SOURCE MATERIAL
════════
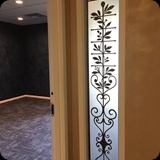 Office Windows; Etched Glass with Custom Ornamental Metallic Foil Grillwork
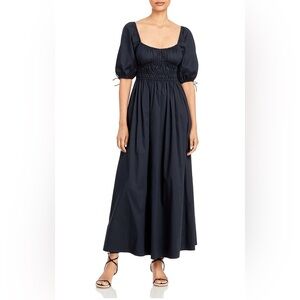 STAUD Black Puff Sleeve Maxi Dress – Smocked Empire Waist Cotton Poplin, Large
════════
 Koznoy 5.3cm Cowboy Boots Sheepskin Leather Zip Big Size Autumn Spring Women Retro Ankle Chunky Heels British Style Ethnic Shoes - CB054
════════
EXERCISE AIM
Exactly the lines above from the one that contains "Office Windows; Etched" down to the one that contains "STAUD Black Puff" are to be output, both ends kept and pictures omitted.

RESULT FOR THIS EXERCISE
 Office Windows; Etched Glass with Custom Ornamental Metallic Foil Grillwork
 STAUD Black Puff Sleeve Maxi Dress – Smocked Empire Waist Cotton Poplin, Large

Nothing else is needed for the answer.